打印全文
Processo nº 9/2024(I)
(Autos de recurso penal)
(Incidente)





ACORDAM NO TRIBUNAL DE ÚLTIMA INSTÂNCIA DA R.A.E.M.:





Relatório

I. Aos 08.02.2024, proferiu o relator dos presentes Autos de Recurso Penal a seguinte “decisão sumária”:

“Relatório

1. A, (2°) arguido, natural de Vietnam, onde nasceu a 10.07.2000, e com os restantes sinais dos autos, veio recorrer do Acórdão do Tribunal de Segunda Instância datado de 16.11.2023, (Proc. n.° 742/2023), que confirmou o Acórdão do Tribunal Judicial de Base que o condenou como co-autor material da prática em concurso real de 1 crime de “tráfico ilícito de estupefacientes”, p. e p. pelo art. 8°, n.° 1 e 14°, n°s 2 e 3 da Lei n.° 17/2009, (na redacção introduzida pela Lei n.° 10/2016), na pena de 5 anos e 6 meses de prisão, e 1 crime de “detenção indevida de utensílio”, p. e p. pelo art. 15° da Lei n.° 17/2009, (na redacção introduzida pela Lei n.° 10/2016), na pena de 4 meses de prisão, fixando-lhe, em cúmulo jurídico, a pena única de 5 anos e 8 meses de prisão, imputando à decisão recorrida o vício de “erro notório na apreciação da prova” e “errada aplicação de direito”, pugnando pela alteração da qualificação jurídico-penal efectuada e pela sua condenação como autor de 1 crime de “produção e tráfico de menor gravidade”, p. e p. pelo art. 11° da dita Lei; (cfr., fls. 391 a 401 e 411 a 420-v que como as que se vierem a referir, dão-se aqui como reproduzidas para todos os efeitos legais).

*

Em Resposta, foi o Ministério Público de opinião que se devia negar provimento ao recurso; (cfr., fls. 423 a 426-v).

*

Oportunamente, nesta Instância, e em sede de vista, juntou o Ilustre Procurador Adjunto douto Parecer considerando também que o recurso não merecia provimento; (cfr., fls. 434).

*

Conclusos os autos ao ora relator para exame preliminar, e atento o teor da decisão recorrida assim como as “questões” pelo recorrente colocadas, entendeu-se que “manifestamente improcedente” era o recurso, devendo, assim, ser objecto de rejeição por “decisão sumária”; (cfr., art. 410°, n.° 1, e art. 407°, n.° 6, al. b) do C.P.P.M.).

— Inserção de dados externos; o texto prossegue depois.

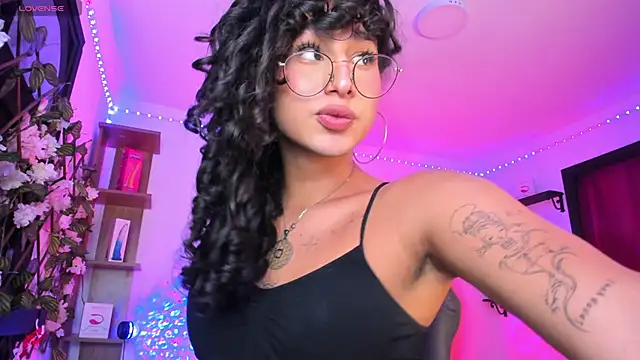 Snapshot of Heka_Prudence chatting on February 2025 03:45:01 AM Heka Prudence online show from February 2025 03:45:01 AM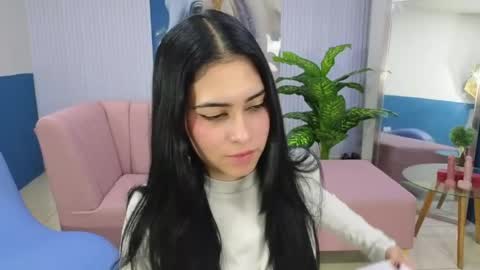 Snapshot of amy_lovelydoll chatting on April 2026 01:42:02 AM Amy online show from April 2026 01:42:02 AM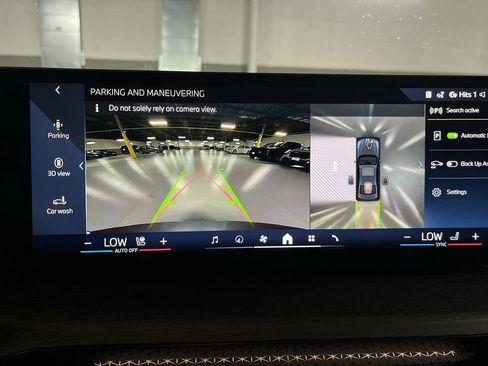 New 2025 BMW 330i xDrive Sedan w/ Convenience Package image 17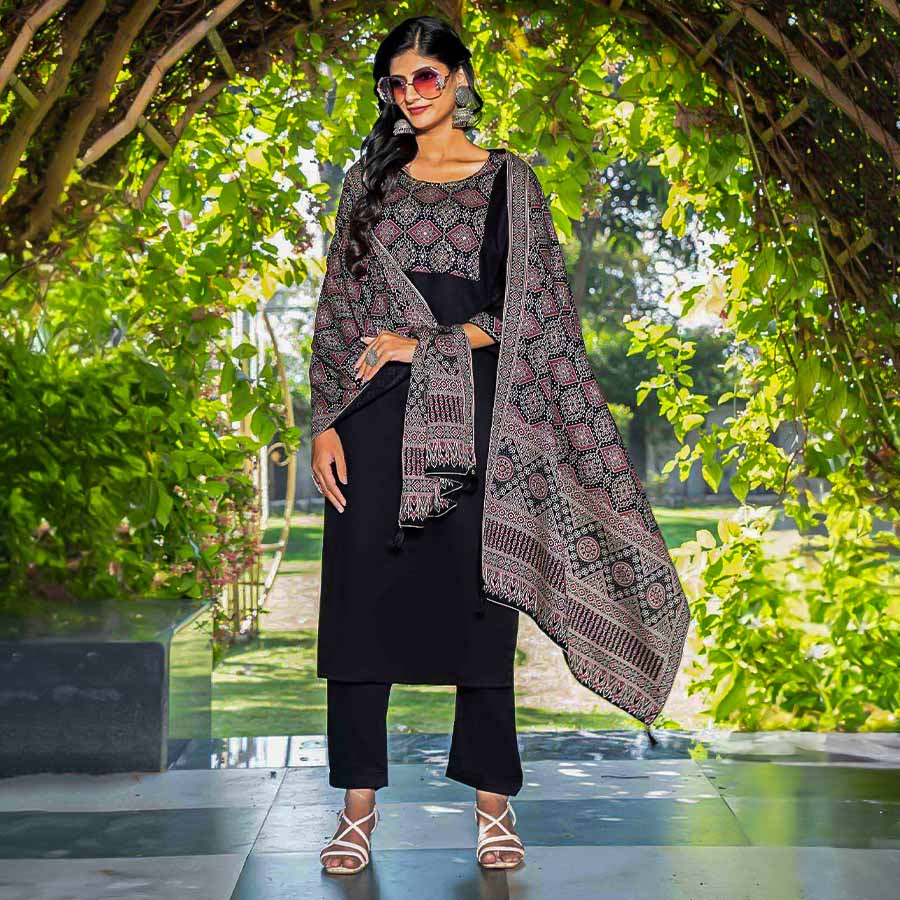 Black  Silk Casual Wear Salwar Kameez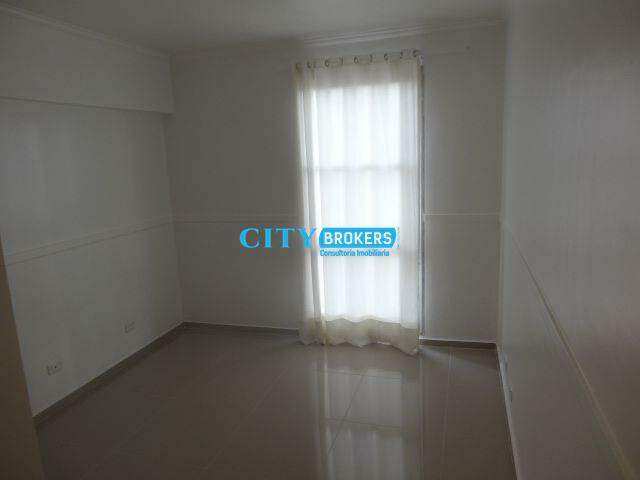 Apartamento para alugar com 3 quartos, 132m² - Foto 13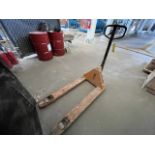 Hydraulic pallet truck, with a load capacity of 5500 lb / 2.5 Tons. / Traspaleta hidráulica Marc
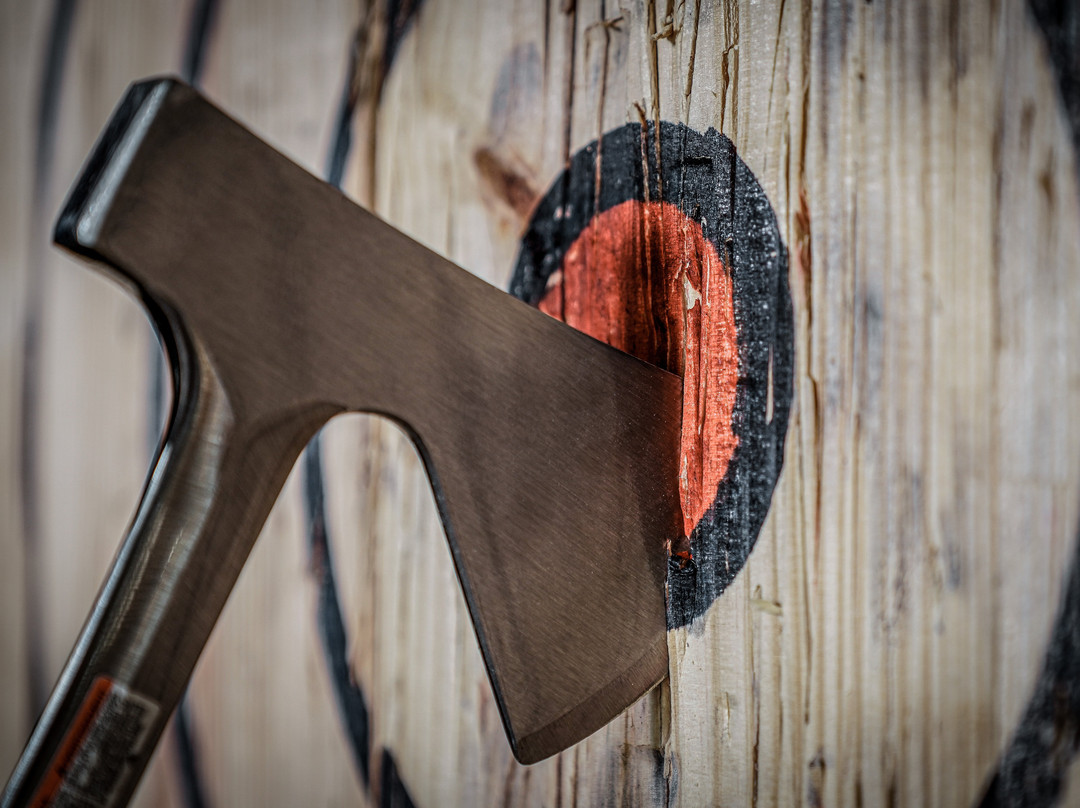 Bad Axe Throwing Spanish Fort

Na verdade, e como em Acórdão deste Tribunal de Última Instância já se teve oportunidade de considerar:

“A possibilidade de “rejeição do recurso por manifesta improcedência”, destina-se a potenciar a economia processual, numa óptica de celeridade e de eficiência, visando, também, moralizar o uso (abusivo) do recurso”; (cfr., v.g., entre outros, e mais recentemente, o Ac. de 26.01.2024, Proc. n.° 98/2023-I).

*

Nesta conformidade, e nada obstando, passa-se a decidir.

Fundamentação

Dos factos

2. Pelo Tribunal Judicial de Base foram dados como “provados” os factos como tal elencados no seu Acórdão e que foram integralmente confirmados pelo Acórdão ora recorrido do Tribunal de Segunda Instância, e que, mais adiante, se fará adequada referência; (cfr., fls. 296 a 298-v e 395-v a 397-v).

Do direito

3. Insurge-se o (2°) arguido A contra o decidido pelo Tribunal de Segunda Instância que, como se deixou relatado, negando provimento ao recurso que tinha interposto do Acórdão do Tribunal Judicial de Base, confirmou – na parte que agora interessa – a sua condenação como co-autor material da prática em concurso real de 1 crime de “tráfico ilícito de estupefacientes”, p. e p. pelo art. 8°, n.° 1 e 14°, n°s 2 e 3 da Lei n.° 17/2009, (na redacção introduzida pela Lei n.° 10/2016), na pena de 5 anos e 6 meses de prisão; (e de 1 outro crime de “detenção indevida de utensílio”, p. e p. pelo art. 15° da Lei n.° 17/2009, na pena de 4 meses de prisão, segmento decisório que agora não constitui objecto do presente recurso, fixando-lhe, em cúmulo jurídico, a pena única de 5 anos e 8 meses de prisão).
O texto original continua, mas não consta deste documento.